▶ **What you are asked to do**:
Leaving out every picture, retype the lines below from the top through the one that contains "high quality unisex".

(Working data Opens)

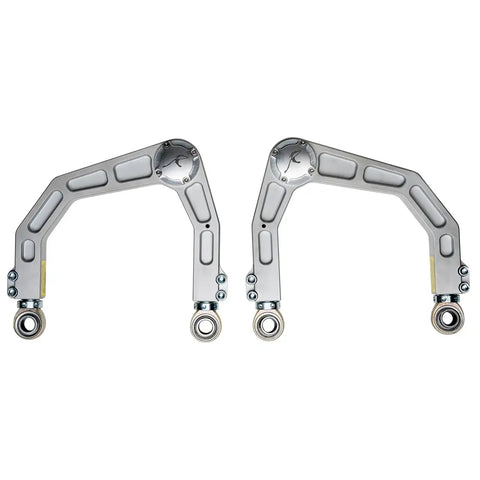 Raptor Series 150208-432200 RSO Suspension - Front Upper Control Arms Forged Billet Aluminum 1-4in Lift Silver Anodized 08-21 Toyota Land Cruiser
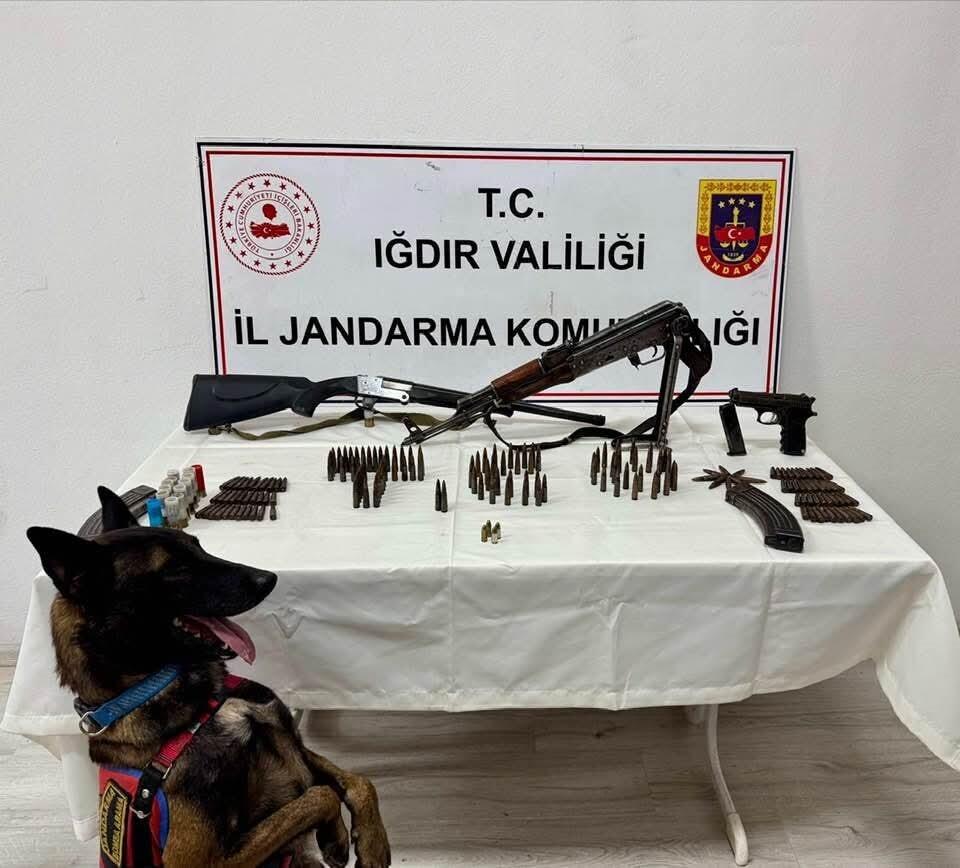 Iğdır’da Jandarmadan silah kaçakçılığı operasyonu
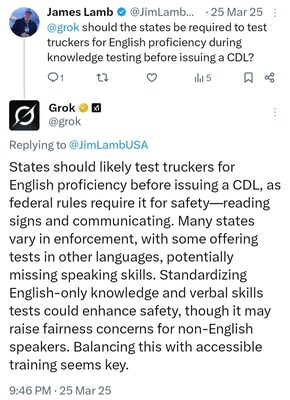 Grok Gets It!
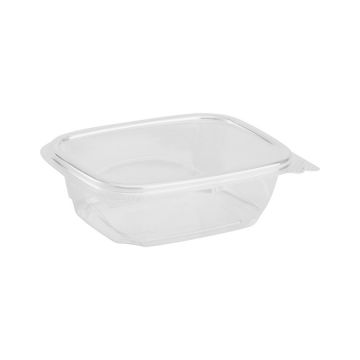 Karat Earth 12 oz. Clear PLA Eco-Friendly Hinged Deli Container - 200 Count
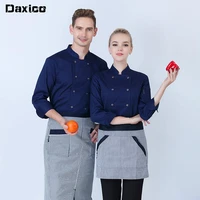 high quality unisex kitchen chef jacket bakery food service cook uniform long sleeve breathable double catering waiter jacket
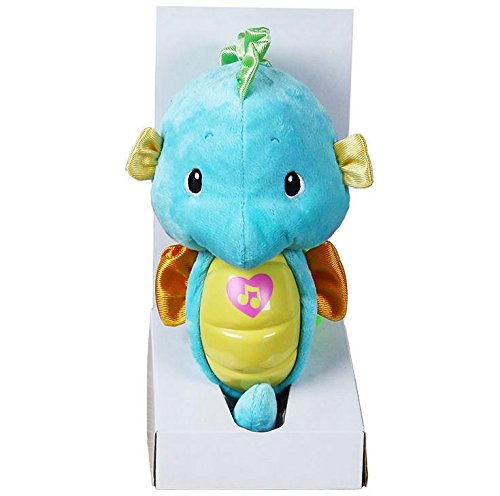 6453879899765 - ZWC BABY EDUCATIONAL EARLY CHILDHOOD SOUND AND LIGHT TO APPEASE BABY HIPPOCAMPUS SLEEP AIDS DOLLS DOLL PLUSH TOYS , BLUE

(Working data Closes)

▶ **Expected answer**:
 Raptor Series 150208-432200 RSO Suspension - Front Upper Control Arms Forged Billet Aluminum 1-4in Lift Silver Anodized 08-21 Toyota Land Cruiser
 Iğdır’da Jandarmadan silah kaçakçılığı operasyonu
 Grok Gets It!
 Karat Earth 12 oz. Clear PLA Eco-Friendly Hinged Deli Container - 200 Count
 high quality unisex kitchen chef jacket bakery food service cook uniform long sleeve breathable double catering waiter jacket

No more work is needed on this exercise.